What we do depends on the kind of query you have. In some cases it is much faster under SQL; other times it is much faster under OLAP. So it is really nice to have the two.
For example, where OLAP is really much faster than SQL is when you want to do cross-simulation queries. Let’s say you want to go find a six-residue helix in 4,000 simulations, it’s really fast for things like that.
What kind of knowledge mining can you do with your data?
I am happy right now with the system and how it is working. So now we are still generating data and also getting in there and mining the data, getting interesting things out of this database. This flurry [of papers] is really because we are … trying to answer scientific questions.

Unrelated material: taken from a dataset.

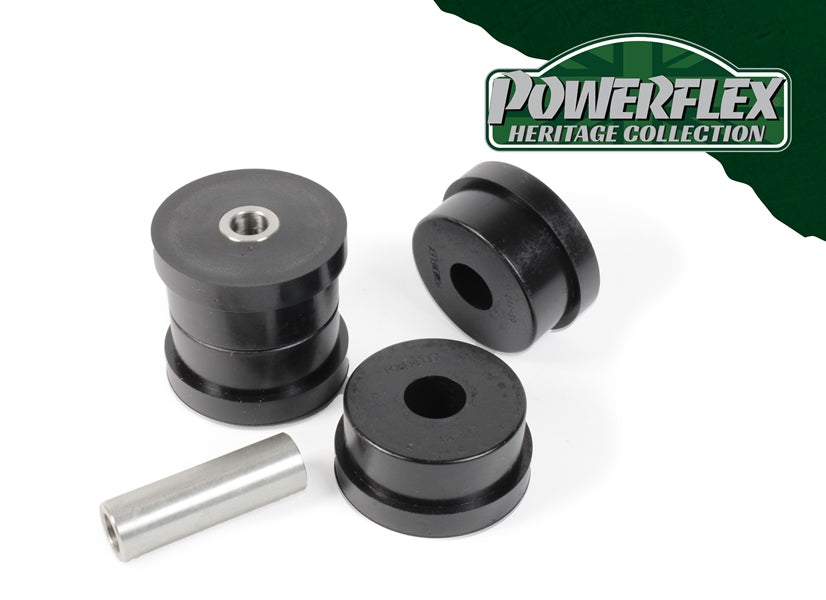 Subaru (PFR69-117H) Rear Trailing Link Front Bush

Along the way we thought we discovered a new form of secondary structure and on the eve of publishing found it had been proposed by others — [Nobel Laureate Linus Pauling and Robert Corey, both of the California Institute of Technology] — and that we had been scooped by over 50 years. … They had predicted it and we ended up seeing it in our simulation. This rare structure, we think, is linked to amyloidosis in Alzheimer’s and mad cow disease. It is one of those transient excursions that we were able to see through molecular dynamics and one that we think is linked to pathology.
It is an example … showing that excursions are really important, that we have to really look at how proteins are really moving. We took these models from the simulations and have been doing drug design. We have things that weakly inhibit propagation of prion diseases and submitted a patent a few months ago.
I think there is going to be a lot [of information in the simulations about] SNPs, things you cannot see in the average crystal structure. The excursions, the variants … the mutations aren’t enough to kill you; people live with these. There are subtle effects and they really are not seen in the static state.
It’s exciting after you have worked for years collecting the data, you would like to think you can do something with them.